● TASK: Only a number is wanted here: the count of lines in the entries below that contain the word "Dress".

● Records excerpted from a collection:
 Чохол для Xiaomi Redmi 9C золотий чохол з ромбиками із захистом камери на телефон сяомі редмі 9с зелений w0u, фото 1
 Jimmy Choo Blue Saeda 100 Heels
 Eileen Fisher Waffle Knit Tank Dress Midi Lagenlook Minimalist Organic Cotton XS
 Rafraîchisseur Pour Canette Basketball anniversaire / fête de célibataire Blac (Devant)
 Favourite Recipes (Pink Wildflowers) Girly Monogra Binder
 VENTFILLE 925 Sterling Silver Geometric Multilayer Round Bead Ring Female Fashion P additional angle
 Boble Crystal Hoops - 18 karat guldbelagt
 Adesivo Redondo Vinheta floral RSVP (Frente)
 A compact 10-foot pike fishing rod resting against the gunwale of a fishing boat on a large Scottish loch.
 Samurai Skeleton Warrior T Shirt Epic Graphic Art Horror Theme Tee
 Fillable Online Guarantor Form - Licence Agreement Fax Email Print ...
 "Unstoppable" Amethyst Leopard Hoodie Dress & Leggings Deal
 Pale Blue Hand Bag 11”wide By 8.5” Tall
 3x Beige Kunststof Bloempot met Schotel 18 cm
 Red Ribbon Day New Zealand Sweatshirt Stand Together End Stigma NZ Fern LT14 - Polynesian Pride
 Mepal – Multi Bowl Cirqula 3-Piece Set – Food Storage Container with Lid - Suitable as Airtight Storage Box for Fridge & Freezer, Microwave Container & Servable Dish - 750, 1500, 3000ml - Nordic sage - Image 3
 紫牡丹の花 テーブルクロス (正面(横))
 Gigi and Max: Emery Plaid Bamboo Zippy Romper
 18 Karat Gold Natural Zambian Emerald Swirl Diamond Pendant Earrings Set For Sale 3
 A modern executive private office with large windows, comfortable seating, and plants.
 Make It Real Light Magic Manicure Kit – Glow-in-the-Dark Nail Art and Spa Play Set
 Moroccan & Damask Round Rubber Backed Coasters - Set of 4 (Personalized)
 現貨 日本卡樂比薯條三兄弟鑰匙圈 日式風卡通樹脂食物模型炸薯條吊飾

● RESPONSE: 2